* [YOUR ASSIGNMENT]:
Within the listing below, the lines to output run from the one containing "محوطه سازی مجتمع مسکونی" through the one containing "ポケモンカード スタートデッキ 100 コロコロ ver. ピカチュウVMAX"; copy them exactly and nothing else.

● ● ●

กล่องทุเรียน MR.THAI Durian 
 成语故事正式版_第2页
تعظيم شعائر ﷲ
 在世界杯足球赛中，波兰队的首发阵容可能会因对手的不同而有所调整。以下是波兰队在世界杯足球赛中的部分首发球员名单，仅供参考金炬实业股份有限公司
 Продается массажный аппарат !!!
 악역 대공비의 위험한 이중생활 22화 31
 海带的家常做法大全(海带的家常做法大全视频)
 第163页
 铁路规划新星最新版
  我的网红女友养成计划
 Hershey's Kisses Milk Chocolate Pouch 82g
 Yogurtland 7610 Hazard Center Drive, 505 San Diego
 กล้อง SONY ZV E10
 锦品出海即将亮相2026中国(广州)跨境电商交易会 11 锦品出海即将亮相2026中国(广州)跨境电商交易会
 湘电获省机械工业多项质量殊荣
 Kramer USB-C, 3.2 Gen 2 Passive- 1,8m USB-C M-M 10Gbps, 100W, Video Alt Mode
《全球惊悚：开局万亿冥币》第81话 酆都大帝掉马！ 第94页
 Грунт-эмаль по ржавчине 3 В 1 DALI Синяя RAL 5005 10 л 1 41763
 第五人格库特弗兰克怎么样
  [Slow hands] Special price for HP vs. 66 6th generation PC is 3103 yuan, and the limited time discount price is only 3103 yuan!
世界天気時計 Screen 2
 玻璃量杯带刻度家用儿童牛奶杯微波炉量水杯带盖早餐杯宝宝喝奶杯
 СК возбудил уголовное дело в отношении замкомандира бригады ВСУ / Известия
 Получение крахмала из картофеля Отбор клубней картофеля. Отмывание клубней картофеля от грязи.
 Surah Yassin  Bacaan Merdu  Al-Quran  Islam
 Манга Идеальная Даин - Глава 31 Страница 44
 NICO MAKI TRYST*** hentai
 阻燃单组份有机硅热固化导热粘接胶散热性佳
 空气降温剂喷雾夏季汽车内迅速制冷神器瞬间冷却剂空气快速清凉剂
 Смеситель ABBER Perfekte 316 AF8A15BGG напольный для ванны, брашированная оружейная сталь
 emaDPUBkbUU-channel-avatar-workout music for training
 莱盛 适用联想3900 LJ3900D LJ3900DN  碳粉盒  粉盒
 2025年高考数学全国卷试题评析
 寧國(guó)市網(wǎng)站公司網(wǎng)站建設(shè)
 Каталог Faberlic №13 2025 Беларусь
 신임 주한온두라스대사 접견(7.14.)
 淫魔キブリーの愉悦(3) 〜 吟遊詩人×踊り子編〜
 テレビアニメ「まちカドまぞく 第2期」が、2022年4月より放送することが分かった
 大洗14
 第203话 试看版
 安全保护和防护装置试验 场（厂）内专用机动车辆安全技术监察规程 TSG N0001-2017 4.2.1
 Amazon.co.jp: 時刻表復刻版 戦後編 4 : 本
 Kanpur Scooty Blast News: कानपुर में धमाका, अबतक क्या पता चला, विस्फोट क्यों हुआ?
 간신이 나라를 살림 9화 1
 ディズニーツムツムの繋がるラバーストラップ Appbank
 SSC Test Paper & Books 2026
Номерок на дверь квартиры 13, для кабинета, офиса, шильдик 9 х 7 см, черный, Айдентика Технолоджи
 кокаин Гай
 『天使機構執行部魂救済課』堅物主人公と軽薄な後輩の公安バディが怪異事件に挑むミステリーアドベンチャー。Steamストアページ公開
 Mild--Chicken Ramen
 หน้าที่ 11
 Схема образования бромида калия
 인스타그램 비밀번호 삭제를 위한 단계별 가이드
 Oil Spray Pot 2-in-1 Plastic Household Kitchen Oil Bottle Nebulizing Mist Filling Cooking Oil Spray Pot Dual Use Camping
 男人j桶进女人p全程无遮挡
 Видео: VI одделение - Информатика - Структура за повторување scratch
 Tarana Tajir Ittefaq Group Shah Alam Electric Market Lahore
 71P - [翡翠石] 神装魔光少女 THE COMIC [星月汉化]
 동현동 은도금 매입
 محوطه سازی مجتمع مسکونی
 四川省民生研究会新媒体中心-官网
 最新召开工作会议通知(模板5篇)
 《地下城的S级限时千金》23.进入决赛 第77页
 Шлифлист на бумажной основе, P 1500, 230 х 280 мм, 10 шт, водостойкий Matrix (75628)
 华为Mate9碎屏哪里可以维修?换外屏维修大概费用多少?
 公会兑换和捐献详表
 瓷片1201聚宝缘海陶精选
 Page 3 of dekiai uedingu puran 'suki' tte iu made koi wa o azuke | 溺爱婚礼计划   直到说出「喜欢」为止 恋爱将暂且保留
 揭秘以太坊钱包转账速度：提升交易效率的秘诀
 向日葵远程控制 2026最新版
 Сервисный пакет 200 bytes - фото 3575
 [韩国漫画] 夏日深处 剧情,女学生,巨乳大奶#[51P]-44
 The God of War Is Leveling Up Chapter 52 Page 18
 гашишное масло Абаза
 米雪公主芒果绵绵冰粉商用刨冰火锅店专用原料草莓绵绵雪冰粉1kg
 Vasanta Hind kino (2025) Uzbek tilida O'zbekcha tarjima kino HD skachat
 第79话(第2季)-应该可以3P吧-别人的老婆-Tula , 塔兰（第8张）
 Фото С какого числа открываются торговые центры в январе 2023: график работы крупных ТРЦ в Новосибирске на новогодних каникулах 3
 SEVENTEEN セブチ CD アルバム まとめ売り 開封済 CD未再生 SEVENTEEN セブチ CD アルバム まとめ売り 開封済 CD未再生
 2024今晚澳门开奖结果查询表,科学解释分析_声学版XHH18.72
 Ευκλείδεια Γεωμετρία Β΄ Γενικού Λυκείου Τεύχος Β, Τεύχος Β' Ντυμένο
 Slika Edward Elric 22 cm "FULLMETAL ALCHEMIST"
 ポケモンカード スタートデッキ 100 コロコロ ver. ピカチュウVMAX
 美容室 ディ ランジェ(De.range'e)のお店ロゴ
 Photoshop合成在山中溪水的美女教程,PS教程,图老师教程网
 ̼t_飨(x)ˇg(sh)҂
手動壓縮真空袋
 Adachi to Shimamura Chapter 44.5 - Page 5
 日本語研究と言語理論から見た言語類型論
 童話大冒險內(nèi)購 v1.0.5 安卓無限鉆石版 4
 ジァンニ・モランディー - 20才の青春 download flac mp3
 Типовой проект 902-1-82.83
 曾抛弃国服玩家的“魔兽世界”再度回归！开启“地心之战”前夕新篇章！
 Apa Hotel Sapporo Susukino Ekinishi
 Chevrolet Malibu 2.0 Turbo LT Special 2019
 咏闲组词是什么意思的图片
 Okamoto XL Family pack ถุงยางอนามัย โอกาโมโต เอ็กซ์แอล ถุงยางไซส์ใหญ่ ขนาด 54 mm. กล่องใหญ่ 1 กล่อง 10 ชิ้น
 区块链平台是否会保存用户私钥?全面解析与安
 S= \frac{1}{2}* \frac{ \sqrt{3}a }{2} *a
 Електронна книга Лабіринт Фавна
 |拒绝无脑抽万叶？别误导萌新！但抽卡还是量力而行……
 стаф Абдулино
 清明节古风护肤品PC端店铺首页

● ● ●

* [PROBLEM SOLUTION]:
 محوطه سازی مجتمع مسکونی
 四川省民生研究会新媒体中心-官网
 最新召开工作会议通知(模板5篇)
 《地下城的S级限时千金》23.进入决赛 第77页
 Шлифлист на бумажной основе, P 1500, 230 х 280 мм, 10 шт, водостойкий Matrix (75628)
 华为Mate9碎屏哪里可以维修?换外屏维修大概费用多少?
 公会兑换和捐献详表
 瓷片1201聚宝缘海陶精选
 Page 3 of dekiai uedingu puran 'suki' tte iu made koi wa o azuke | 溺爱婚礼计划   直到说出「喜欢」为止 恋爱将暂且保留
 揭秘以太坊钱包转账速度：提升交易效率的秘诀
 向日葵远程控制 2026最新版
 Сервисный пакет 200 bytes - фото 3575
 [韩国漫画] 夏日深处 剧情,女学生,巨乳大奶#[51P]-44
 The God of War Is Leveling Up Chapter 52 Page 18
 гашишное масло Абаза
 米雪公主芒果绵绵冰粉商用刨冰火锅店专用原料草莓绵绵雪冰粉1kg
 Vasanta Hind kino (2025) Uzbek tilida O'zbekcha tarjima kino HD skachat
 第79话(第2季)-应该可以3P吧-别人的老婆-Tula , 塔兰（第8张）
 Фото С какого числа открываются торговые центры в январе 2023: график работы крупных ТРЦ в Новосибирске на новогодних каникулах 3
 SEVENTEEN セブチ CD アルバム まとめ売り 開封済 CD未再生 SEVENTEEN セブチ CD アルバム まとめ売り 開封済 CD未再生
 2024今晚澳门开奖结果查询表,科学解释分析_声学版XHH18.72
 Ευκλείδεια Γεωμετρία Β΄ Γενικού Λυκείου Τεύχος Β, Τεύχος Β' Ντυμένο
 Slika Edward Elric 22 cm "FULLMETAL ALCHEMIST"
 ポケモンカード スタートデッキ 100 コロコロ ver. ピカチュウVMAX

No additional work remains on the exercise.